葡萄色と書いて、平安時代の人は『エビいろ』と読みました。

 

山葡萄(ヤマブドウ)の古名、エビカズラが名前の由来です。

エビカズラは、古代より日本に自生していて、古くから馴染みのあるものだったようです。

源氏物語にも、この葡萄色(エビいろ)は、よく出てきます。

 

たとえば、「花宴(はなのえん)」の段

ここでは、光源氏が右大臣家で『朧月夜(おぼろづきよ)』と出会うシーンが描かれています。

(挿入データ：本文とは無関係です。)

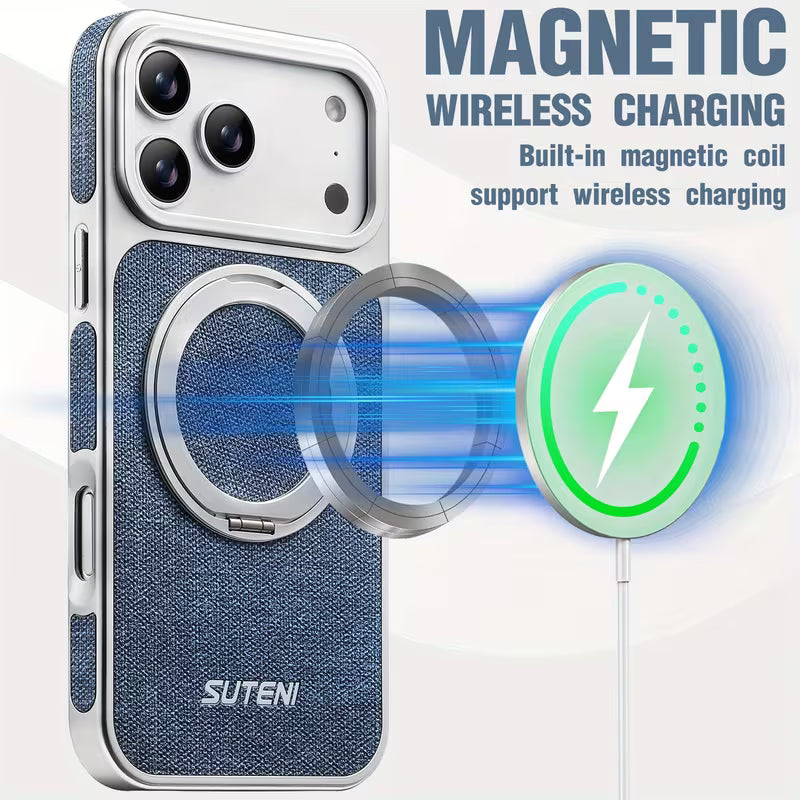 Frosted Leather Magnetic Ring Case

一夜の契りを交わしますが、調べてみると彼女は、源氏のことを快く思っていない弘徽殿の女御(こきでんのにょうご)の妹。

そう簡単に訪ねていける相手ではありません。

そんな折、源氏のもとに、右大臣家で催される『藤の宴』への招待状が届きます。

 

この宴に招待された人たちは、時の権力者、右大臣家の宴だけに、粗相があってはいけないと、フォーマルな衣装で訪れていました。

そこへ現れた光源氏はといえば・・・・・

「桜の唐の綺の御直衣、葡萄染の下襲、

裾いと長く引きて、皆人はうへのきぬなるに、

あざれたるおほきみ姿のなまめきたるにて、

いつかれ入りたまへる御さま、げにいと異なり

花の匂ひもけおされて、なかなかことざましになむ

 

失礼にならない程度の、ちょっと洒落た普段着である直衣(のうし)姿で、参加したのでした。

その色遣いが、すごくオシャレ!

唐織りの直衣(のうし)に、桜のかさね、下には葡萄(えびぞめ)の下襲ね(したがさね)。

裾を長く引くのは、身分が高い証。

その優美なお姿は、格別。

花の美しささえ源氏の君に押されて、かえって興ざめなくらい。

山葡萄の色といえば、皮の部分は、暗い赤紫色です。

そして、中からはツルンとした薄い黄緑色が出てきます。

この二つが混ざると、鮮やかな明るい赤紫になるのです。

自然が見せてくれる、色のマジック。

その全てを愛してやまなかった、平安時代の人々。

『葡萄色(えびいろ)』は、明るい色から暗い色まで、かなり広い範囲の赤紫を指していたようです。